Simpulindo.com, Jakarta – Anggota Komisi IV DPR RI, Riyono, menegaskan perlunya pelurusan pemahaman publik mengenai istilah “beras oplosan” yang kembali mencuat dalam pemberitaan serta menjadi bagian dari polemik pangan nasional.
Riyono menjelaskan bahwa tidak terdapat istilah resmi “beras oplosan” dalam regulasi. Yang ada adalah ketidaksesuaian antara mutu dan label pada kemasan produk beras.
“Rilis saya memang menjelaskan makna ini agar masyarakat tidak salah kaprah dalam memahami kualitas beras. Istilah ‘beras oplosan’ terlalu bias dan menimbulkan kesan negatif, padahal dalam praktiknya, pencampuran beras dilakukan untuk menyesuaikan kualitas rasa dan harga jual,” kata Riyono, Kamis (7/8/2025).
Menurut Riyono, Beras memiliki beragam kualitas. Mulai dari jenis premium seperti rojo lele, hingga kualitas medium dan rendah. Dalam praktik industri perberasan, pencampuran jenis-jenis beras tersebut merupakan hal yang lumrah dan dibenarkan, selama kandungan gizi tetap terjaga serta mutu sesuai dengan label yang tertera.
“Beras medium sendiri merupakan hasil campuran antara beras kualitas sedang dan rendah. Yang dimaksud rendah ini seperti menir, yakni beras yang butirannya rusak karena proses penggilingan atau kadar air tinggi. Menir murni tidak layak konsumsi dan umumnya digunakan untuk pakan ternak atau olahan seperti tepung beras. Tapi jika dicampur dengan beras sedang, maka bisa jadi beras medium dengan rasa yang tetap bisa diterima,” papar politisi Fraksi PKS ini.
Pencampuran beras, lanjut Riyono, bukan semata menyangkut harga, melainkan juga berkaitan dengan karakter rasa.
“Setiap jenis beras punya karakter, (misalnya) ada yang pulen, ada yang keras, ada yang cocok untuk jenis masakan tertentu. Maka pencampuran itu untuk menciptakan rasa dan kualitas yang diinginkan pasar. Ini sah-sah saja, selama tidak menipu konsumen,” ujarnya.

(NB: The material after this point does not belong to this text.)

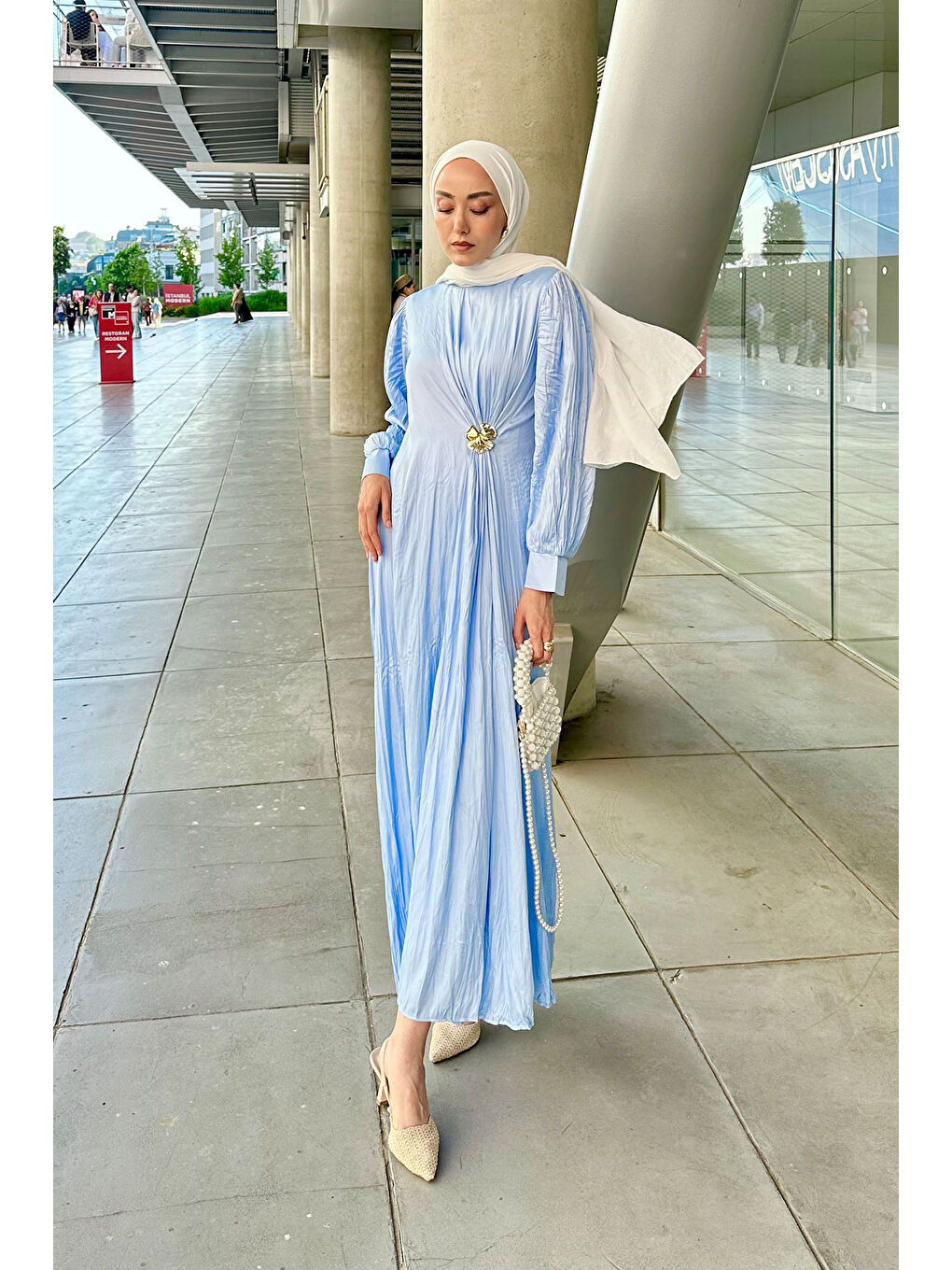 Kadın Ön Bronş Kırışık Elbise Mavi-2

Pandangan kritis disampaikan pula terhadap penggunaan istilah “beras oplosan” dalam narasi yang berkembang di tengah langkah penindakan Satgas Pangan. Menurutnya, pendekatan yang digunakan seharusnya lebih tepat sasaran.
“Kalau labelnya menyebut kualitas tertentu, tapi isinya tidak sesuai, itu baru pelanggaran. Itu penipuan. Tapi jangan lantas semua beras campuran disebut oplosan dan dianggap ilegal. Ini akan merugikan pedagang dan bisa berdampak pada harga di pasar,” pungkas Riyono.